*RECORDED INFORMATION*.
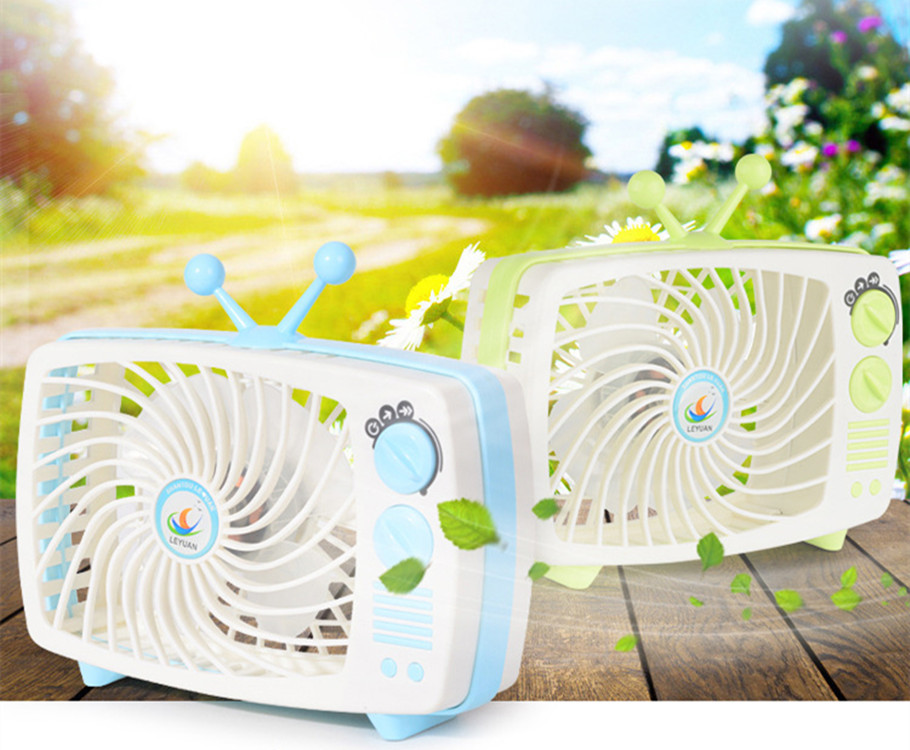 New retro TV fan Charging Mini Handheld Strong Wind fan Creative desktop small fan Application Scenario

---

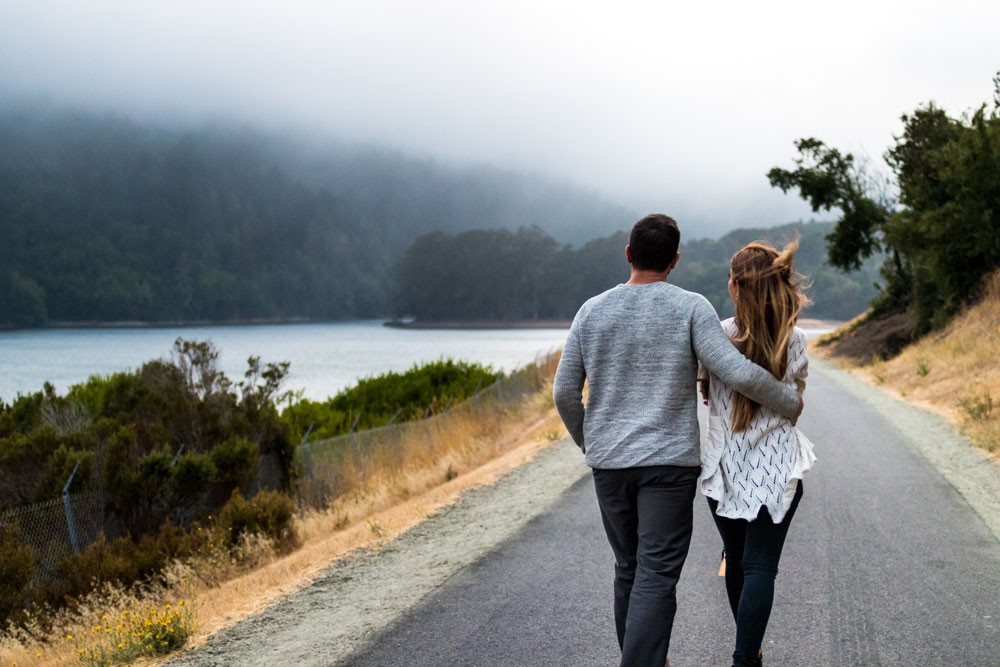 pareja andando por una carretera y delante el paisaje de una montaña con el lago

==

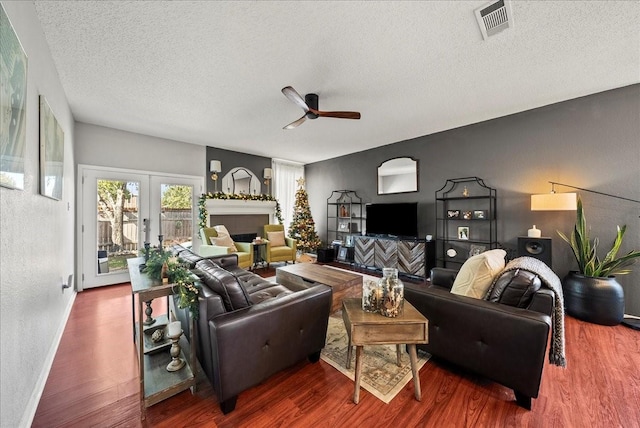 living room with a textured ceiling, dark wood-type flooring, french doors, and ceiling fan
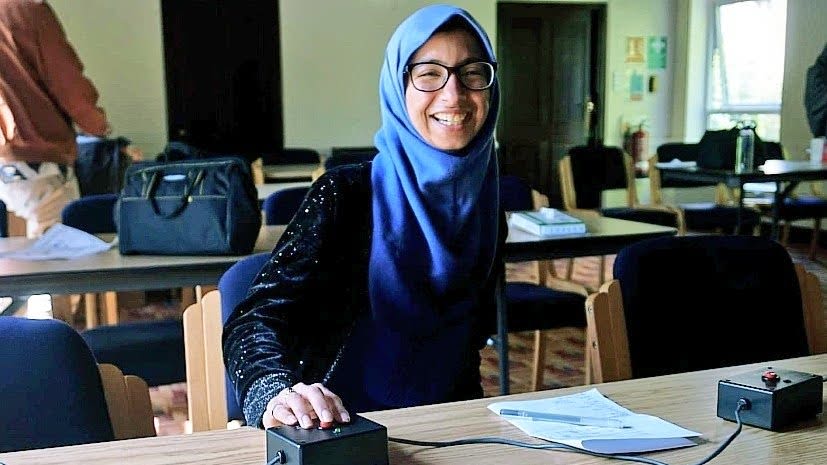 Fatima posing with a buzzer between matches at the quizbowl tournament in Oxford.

*REQUIRED WORK*.
What you return must match, character for character, the lines above from the one with "living room with" through the one with "Fatima posing with", minus any pictures.

*RESPONSE*.
 living room with a textured ceiling, dark wood-type flooring, french doors, and ceiling fan
 Fatima posing with a buzzer between matches at the quizbowl tournament in Oxford.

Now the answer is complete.